Há paralelismos óbvios entre os dois territórios, e os incêndios de que falas são de facto resultado de uma política económica comum na Península Ibérica. A relação entre lutas pode estabelecer-se, da perspectiva de um jornal, começando pela partilha de experiências concretas que se cruzam na sua natureza – no próximo número, por exemplo, iremos abordar lutas contra projetos mineiros tanto na Galiza como em Boticas, em Trás-os-Montes, havendo obviamente uma intenção em quebrar esse isolamento imposto pelas fronteiras e os Estados.

Iniciaram o projeto jornalístico com o país entregado às políticas criminais desenhadas pola Troika, e continuam hoje no Portugal governado pela coligação progressista e de esquerda, tem condicionado a mudança institucional o projeto jornalístico e os movimentos sociais?

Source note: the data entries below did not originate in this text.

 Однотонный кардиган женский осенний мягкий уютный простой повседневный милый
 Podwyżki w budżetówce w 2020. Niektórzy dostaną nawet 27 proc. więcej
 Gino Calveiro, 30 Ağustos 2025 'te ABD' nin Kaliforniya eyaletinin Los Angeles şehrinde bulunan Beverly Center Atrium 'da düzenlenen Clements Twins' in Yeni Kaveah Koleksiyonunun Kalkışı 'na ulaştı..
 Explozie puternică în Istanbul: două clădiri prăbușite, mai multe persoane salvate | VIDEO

De facto, as manifestações contra a Troika foram o contexto no qual nasceu o MAPA e há uma ligação entre esse momento e a necessidade de um projeto de informação crítica. Mas o que aí nos motivou foi a dinâmica nas ruas e esse potencial das ruas permanece independentemente da mudança política. O nosso projeto não se viu nesse sentido condicionado com a mudança do rumo parlamentar e partidário, pois esse não é o nosso rumo. Temos por vezes abordado questões que se relacionam com quadros políticos específicos, nacionais ou internacionais, mas diria que o nosso foco tem sido bastante indiferente à rotatividade simbólica dos partidos e das suas agendas.

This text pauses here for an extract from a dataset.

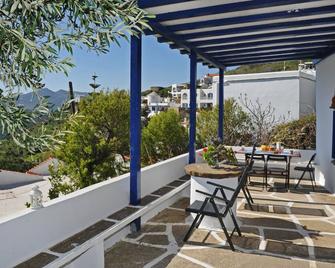 Revisited agricultural housing in the center of the island of Tinos - Tinos - Balkon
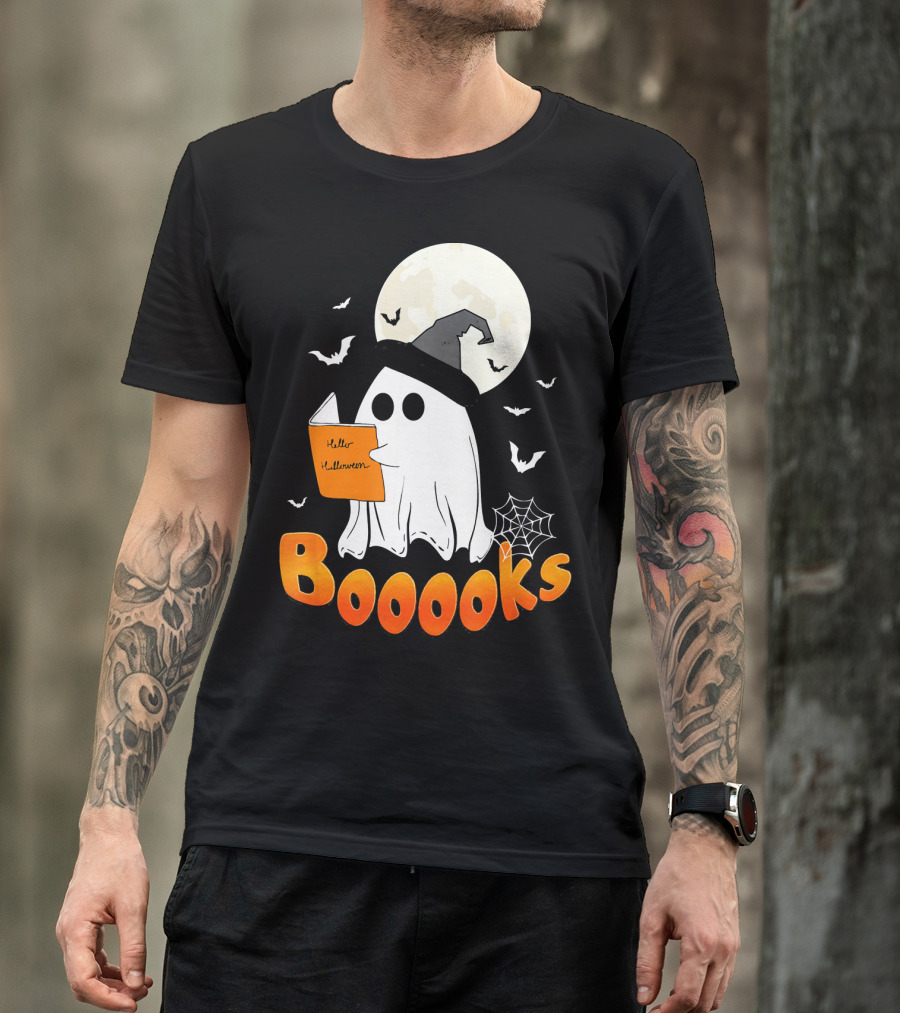 Boooks Ghost Reading Halloween Bats Moon Hat T-Shirt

Por último, no contexto da revolução de 25 de Abril e sobretudo do PREC que se seguiu, o povo português mostrou a maior capacidade mobilizadora na Europa; as comissões de moradores, as ocupações de terras, a autonomia operária etc. sustentaram a tentativa revolucionária no espaço de mais dum ano. Som os movimentos emancipadores de hoje herdeiros diretos destas experiências ou pelo contrário, obedecem a novas dinâmicas de luta desvinculadas do passado?
Nós diríamos que as dinâmicas de hoje são outras. Apesar de as experiências que herdamos e conhecemos do pós 25 de Abril em Portugal estarem ainda muito presentes, e trazerem especificidades de onde muito se pode aprender, o mundo é hoje muito diferente e a emancipação também ganha outras formas, o que não quer dizer que não haja lugar a determinados modos de organização – como seja uma comissão de moradores ou a ocupação de uma terra. Acreditamos que beber de diferentes experiências é crucial para a nossa capacidade especulativa, mas não acreditamos na réplica nem no ‘movimento’ como algo que atravessa décadas e militantes. Um movimento é sempre situado, é sempre um evento. O MAPA tem tido, no entanto, a preocupação de dar voz à memória dos actores desses movimentos que falas, como foi na crónica a que se publicou à volta do José Afonso, participando num esforço de contrariar o exercício das Histórias oficiais e institucionais que dia-a-dia querem apagar esses tempos da revolução, domesticando e apaziguando a memória. Preferimos claramente a agitação dessa memória, mas para que sirva a novas dinâmicas reinventadas.